What I’m describing above happens quite frequently in Bankruptcy court in Brooklyn and Manhattan. And to an extent thats normal. Its a highly stressful period for a debtor. You’re going bankrupt. Emotions are running high. Who does this man/woman think he/she is by raising their voice to you. Take a step back. Think about this now before you even walk into that room. Just take a step back and breathe. Heres the thing. The Trustee is entrusted with dozens of cases per day. And they all have to be done by a certain time. And everyone in that room is impatient because they have things to do. And so the Trustee, intentionally or not, snaps out sometimes. The worst thing you can do is snap back. That person across the table from you can decide to “close” your meeting, meaning there will be no further questions so long as everything is in order, or he can “keep the meeting open” which means more documents and you may have to come back again.

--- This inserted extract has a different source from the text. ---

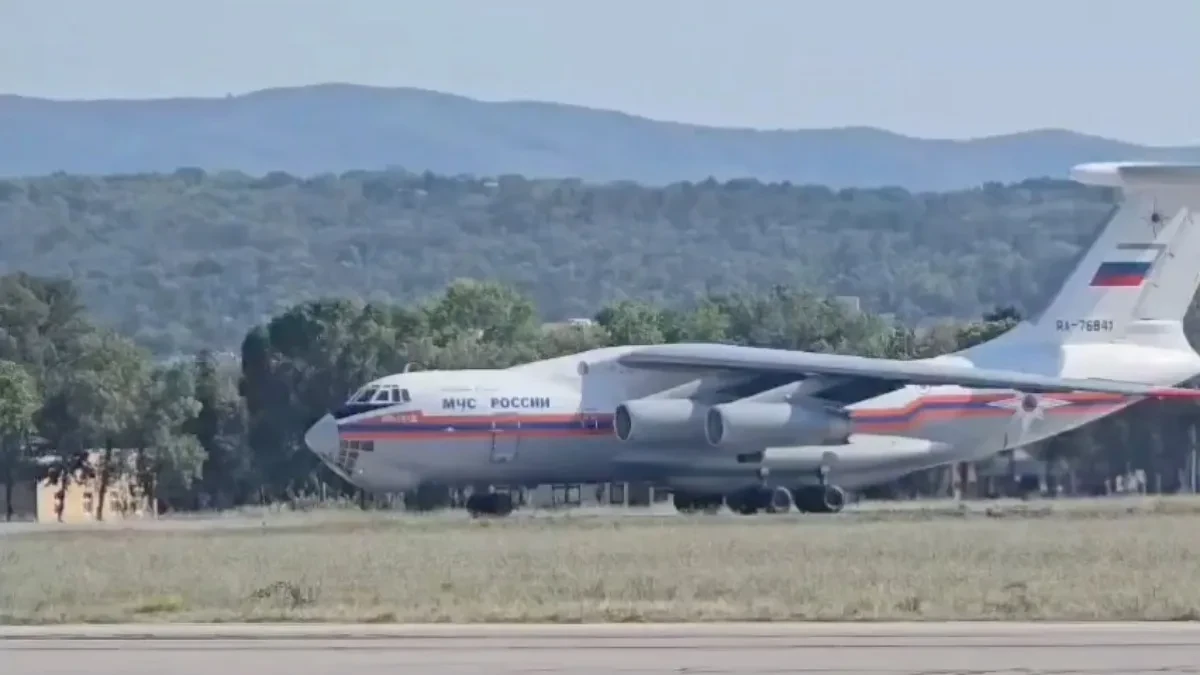 Ruski džin prvi put gasio vatrenu stihiju na Stolovima: Iljušin u četiri naleta izbacio 168 tona vode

This isnt to say that the Trustee can’t sometimes be wrong, or that even if you’re on your best behavior the Trustee can’t hold your meeting open because you havent supplied certain documents. All this means is that, in my opinion, you have a better shot of having a smooth meeting if you keep your responses at your meeting very short and to the point. The Trustee doesn’t necessarily care that when you lost your job 4 years ago you moved from Texas, and then you went to work for Job #2, and 2 years ago…. It is, of course, meaningful and pertinent to you. But the Trustee has a job to do and so sometimes, when the person across from him is telling him/her things they don’t need to know, they get pissy. A bit like married life, except the living together thing. In any case, my suggestion is to keep your cool during that meeting, no matter what the Trustee in Brooklyn or Manhattan may throw at you.